● Assignment
Within the records, find every line that includes the word "Lamp" and copy it.

*** Block opens ***

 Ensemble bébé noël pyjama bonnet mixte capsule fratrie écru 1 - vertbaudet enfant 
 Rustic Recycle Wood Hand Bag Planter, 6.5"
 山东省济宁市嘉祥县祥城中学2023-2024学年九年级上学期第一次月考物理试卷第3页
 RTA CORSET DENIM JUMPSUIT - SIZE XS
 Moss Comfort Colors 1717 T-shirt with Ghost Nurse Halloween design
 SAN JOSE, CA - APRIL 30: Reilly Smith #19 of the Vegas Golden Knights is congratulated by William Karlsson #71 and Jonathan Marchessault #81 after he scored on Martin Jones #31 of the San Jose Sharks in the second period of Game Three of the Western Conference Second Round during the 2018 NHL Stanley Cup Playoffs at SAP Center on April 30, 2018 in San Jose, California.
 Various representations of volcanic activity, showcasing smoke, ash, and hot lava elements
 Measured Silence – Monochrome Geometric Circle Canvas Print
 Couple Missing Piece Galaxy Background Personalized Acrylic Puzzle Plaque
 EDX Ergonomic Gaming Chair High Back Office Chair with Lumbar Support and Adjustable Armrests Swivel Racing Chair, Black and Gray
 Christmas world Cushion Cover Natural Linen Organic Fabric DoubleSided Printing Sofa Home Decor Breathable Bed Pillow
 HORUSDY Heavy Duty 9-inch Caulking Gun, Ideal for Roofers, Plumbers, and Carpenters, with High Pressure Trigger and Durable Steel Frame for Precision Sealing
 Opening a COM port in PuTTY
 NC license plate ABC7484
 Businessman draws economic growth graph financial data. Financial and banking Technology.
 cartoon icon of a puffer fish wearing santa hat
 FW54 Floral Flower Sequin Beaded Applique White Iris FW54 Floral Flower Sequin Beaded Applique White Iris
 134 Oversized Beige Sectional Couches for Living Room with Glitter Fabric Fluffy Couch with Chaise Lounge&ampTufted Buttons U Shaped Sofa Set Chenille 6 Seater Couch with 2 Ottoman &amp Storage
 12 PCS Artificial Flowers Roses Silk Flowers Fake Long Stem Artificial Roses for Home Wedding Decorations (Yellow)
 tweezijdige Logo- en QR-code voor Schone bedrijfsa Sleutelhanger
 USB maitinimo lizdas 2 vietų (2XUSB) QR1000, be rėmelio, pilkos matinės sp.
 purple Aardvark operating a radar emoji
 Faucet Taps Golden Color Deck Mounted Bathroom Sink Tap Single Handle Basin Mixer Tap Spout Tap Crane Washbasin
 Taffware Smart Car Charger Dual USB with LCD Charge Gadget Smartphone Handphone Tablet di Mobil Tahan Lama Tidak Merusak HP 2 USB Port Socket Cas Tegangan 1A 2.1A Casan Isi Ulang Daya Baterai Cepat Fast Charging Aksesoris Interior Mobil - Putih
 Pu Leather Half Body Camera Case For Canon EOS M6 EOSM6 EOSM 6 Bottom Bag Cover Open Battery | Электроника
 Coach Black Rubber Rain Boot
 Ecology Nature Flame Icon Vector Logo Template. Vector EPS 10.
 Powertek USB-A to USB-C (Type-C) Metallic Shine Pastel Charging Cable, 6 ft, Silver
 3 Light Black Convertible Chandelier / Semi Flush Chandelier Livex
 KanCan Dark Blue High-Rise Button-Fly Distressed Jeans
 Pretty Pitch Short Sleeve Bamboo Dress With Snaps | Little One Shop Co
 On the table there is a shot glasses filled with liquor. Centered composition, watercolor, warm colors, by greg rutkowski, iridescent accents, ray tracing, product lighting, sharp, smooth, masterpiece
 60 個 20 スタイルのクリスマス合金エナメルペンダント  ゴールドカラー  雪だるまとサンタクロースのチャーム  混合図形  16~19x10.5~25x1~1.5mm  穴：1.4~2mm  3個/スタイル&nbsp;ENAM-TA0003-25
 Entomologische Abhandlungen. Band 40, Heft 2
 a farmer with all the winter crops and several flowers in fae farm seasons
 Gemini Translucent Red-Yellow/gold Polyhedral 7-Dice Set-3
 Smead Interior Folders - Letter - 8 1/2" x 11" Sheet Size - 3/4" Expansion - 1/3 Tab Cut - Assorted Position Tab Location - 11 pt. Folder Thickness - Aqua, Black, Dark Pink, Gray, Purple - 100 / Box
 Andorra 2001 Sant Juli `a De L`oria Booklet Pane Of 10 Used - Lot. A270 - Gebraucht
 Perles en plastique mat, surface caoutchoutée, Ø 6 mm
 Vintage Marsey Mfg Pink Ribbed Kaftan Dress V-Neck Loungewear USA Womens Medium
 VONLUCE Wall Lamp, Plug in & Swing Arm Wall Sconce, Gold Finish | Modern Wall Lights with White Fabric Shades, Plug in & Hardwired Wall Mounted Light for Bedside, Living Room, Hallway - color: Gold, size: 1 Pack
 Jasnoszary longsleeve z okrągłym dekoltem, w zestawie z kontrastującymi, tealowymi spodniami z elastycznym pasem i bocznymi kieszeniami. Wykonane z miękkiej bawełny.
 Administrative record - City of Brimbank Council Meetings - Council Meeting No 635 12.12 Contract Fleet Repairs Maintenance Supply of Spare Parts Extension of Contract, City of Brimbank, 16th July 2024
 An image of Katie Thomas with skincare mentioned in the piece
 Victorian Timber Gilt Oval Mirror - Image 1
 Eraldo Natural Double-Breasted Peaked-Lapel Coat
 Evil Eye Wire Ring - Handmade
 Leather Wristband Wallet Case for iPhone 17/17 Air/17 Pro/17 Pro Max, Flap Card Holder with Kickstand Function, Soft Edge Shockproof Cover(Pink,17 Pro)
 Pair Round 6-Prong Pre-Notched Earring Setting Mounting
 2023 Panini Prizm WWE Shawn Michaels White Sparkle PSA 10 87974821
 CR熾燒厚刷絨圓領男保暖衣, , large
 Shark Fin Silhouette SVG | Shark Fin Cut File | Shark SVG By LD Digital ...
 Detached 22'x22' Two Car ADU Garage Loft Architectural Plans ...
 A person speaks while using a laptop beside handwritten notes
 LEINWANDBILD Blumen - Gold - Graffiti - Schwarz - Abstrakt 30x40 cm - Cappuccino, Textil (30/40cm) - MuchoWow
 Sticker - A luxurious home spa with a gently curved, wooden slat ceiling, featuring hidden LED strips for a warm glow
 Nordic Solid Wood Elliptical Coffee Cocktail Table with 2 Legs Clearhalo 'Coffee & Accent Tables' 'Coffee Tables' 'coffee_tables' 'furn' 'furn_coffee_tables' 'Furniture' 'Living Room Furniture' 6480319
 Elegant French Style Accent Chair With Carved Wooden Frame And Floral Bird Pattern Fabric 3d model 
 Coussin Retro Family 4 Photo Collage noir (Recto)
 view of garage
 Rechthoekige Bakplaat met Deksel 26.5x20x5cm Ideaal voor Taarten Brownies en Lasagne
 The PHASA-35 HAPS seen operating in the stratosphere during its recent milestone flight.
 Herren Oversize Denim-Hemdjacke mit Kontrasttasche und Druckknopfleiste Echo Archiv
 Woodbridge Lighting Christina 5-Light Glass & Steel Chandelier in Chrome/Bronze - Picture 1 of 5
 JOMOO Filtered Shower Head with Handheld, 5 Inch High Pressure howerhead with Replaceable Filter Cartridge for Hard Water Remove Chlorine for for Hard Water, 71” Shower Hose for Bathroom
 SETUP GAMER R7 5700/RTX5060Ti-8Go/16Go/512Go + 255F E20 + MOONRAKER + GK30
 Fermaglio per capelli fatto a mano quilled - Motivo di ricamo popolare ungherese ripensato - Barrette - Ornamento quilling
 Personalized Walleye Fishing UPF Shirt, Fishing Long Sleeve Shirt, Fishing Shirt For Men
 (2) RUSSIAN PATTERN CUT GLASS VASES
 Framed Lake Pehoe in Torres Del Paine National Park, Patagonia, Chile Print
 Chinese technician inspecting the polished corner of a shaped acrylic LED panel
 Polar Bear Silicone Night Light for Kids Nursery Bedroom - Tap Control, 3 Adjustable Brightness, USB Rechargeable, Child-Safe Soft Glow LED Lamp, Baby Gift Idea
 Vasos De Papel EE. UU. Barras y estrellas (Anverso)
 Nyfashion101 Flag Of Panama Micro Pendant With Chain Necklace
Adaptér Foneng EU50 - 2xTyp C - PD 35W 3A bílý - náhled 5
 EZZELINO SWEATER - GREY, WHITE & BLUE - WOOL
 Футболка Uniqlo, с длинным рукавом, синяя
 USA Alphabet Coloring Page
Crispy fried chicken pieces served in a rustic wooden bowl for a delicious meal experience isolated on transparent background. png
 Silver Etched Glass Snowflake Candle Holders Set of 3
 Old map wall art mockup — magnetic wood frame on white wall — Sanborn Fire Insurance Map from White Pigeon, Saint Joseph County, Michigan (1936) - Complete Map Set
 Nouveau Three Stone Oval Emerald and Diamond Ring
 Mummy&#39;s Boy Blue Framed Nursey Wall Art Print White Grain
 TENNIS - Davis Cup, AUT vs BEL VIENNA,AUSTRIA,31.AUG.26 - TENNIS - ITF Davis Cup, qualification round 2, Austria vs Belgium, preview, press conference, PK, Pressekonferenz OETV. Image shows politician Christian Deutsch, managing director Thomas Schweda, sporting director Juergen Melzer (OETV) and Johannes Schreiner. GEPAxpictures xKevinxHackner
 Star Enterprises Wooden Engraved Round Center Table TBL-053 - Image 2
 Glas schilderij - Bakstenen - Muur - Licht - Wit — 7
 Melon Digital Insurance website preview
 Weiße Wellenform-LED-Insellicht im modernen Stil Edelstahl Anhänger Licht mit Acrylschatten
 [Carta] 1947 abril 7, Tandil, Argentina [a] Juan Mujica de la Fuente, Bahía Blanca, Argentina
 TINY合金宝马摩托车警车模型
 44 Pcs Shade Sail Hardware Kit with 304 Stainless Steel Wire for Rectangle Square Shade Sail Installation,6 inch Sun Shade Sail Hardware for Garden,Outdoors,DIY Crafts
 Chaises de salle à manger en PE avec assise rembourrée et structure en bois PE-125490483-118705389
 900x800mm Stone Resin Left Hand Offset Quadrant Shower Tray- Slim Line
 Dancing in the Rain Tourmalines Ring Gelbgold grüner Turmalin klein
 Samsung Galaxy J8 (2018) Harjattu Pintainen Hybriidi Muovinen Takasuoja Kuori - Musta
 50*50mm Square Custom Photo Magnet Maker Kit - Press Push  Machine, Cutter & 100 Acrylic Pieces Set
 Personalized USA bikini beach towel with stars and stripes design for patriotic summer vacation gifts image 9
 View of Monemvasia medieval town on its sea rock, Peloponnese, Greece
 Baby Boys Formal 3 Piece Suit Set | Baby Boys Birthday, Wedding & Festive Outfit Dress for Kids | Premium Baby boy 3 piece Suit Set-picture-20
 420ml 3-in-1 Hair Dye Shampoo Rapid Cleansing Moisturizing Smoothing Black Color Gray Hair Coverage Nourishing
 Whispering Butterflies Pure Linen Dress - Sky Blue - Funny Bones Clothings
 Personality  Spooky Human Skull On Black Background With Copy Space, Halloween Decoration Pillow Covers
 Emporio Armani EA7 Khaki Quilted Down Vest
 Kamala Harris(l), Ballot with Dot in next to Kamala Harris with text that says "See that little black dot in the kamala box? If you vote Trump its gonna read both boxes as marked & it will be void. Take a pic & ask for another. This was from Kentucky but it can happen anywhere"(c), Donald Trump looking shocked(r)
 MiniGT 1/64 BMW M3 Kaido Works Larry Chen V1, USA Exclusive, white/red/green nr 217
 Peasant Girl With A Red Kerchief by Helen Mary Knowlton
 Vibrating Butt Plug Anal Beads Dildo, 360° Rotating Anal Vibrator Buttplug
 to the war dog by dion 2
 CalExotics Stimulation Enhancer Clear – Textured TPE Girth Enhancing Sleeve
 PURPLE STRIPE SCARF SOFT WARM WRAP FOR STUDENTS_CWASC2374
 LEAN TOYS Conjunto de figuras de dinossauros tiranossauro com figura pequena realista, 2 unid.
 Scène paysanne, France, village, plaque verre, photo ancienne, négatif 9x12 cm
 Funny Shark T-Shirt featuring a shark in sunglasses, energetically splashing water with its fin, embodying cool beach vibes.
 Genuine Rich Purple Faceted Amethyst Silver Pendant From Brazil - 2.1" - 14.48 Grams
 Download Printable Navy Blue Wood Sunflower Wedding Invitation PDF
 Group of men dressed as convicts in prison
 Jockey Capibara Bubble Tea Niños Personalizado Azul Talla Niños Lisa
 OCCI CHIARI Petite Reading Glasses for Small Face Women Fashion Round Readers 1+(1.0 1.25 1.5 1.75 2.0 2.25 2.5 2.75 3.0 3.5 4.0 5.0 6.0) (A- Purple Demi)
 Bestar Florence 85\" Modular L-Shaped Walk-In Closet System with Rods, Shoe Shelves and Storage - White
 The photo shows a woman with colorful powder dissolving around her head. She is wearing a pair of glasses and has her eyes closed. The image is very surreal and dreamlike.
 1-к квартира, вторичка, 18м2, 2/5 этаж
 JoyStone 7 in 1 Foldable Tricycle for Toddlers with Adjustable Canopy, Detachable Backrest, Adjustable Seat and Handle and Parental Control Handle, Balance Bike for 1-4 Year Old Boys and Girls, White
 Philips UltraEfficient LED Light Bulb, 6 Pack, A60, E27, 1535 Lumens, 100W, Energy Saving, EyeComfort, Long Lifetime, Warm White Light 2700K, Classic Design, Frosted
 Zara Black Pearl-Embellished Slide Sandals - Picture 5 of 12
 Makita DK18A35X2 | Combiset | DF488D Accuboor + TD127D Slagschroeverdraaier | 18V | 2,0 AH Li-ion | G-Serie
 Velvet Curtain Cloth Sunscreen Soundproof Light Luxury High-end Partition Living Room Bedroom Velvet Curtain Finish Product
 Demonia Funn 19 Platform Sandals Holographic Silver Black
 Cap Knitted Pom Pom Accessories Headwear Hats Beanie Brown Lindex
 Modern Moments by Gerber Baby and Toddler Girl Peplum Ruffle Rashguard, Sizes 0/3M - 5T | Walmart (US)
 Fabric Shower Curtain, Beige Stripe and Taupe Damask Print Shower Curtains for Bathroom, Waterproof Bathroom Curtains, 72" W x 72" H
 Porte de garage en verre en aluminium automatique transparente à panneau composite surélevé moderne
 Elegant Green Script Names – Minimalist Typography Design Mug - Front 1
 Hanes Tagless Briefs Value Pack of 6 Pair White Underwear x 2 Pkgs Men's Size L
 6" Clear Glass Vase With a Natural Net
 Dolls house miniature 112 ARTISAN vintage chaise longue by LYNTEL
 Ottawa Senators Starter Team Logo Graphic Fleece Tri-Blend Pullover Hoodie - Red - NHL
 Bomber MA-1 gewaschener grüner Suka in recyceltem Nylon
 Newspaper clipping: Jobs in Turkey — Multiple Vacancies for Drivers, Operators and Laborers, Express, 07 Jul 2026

*** Block closes ***

● Result for this task
 VONLUCE Wall Lamp, Plug in & Swing Arm Wall Sconce, Gold Finish | Modern Wall Lights with White Fabric Shades, Plug in & Hardwired Wall Mounted Light for Bedside, Living Room, Hallway - color: Gold, size: 1 Pack
 Polar Bear Silicone Night Light for Kids Nursery Bedroom - Tap Control, 3 Adjustable Brightness, USB Rechargeable, Child-Safe Soft Glow LED Lamp, Baby Gift Idea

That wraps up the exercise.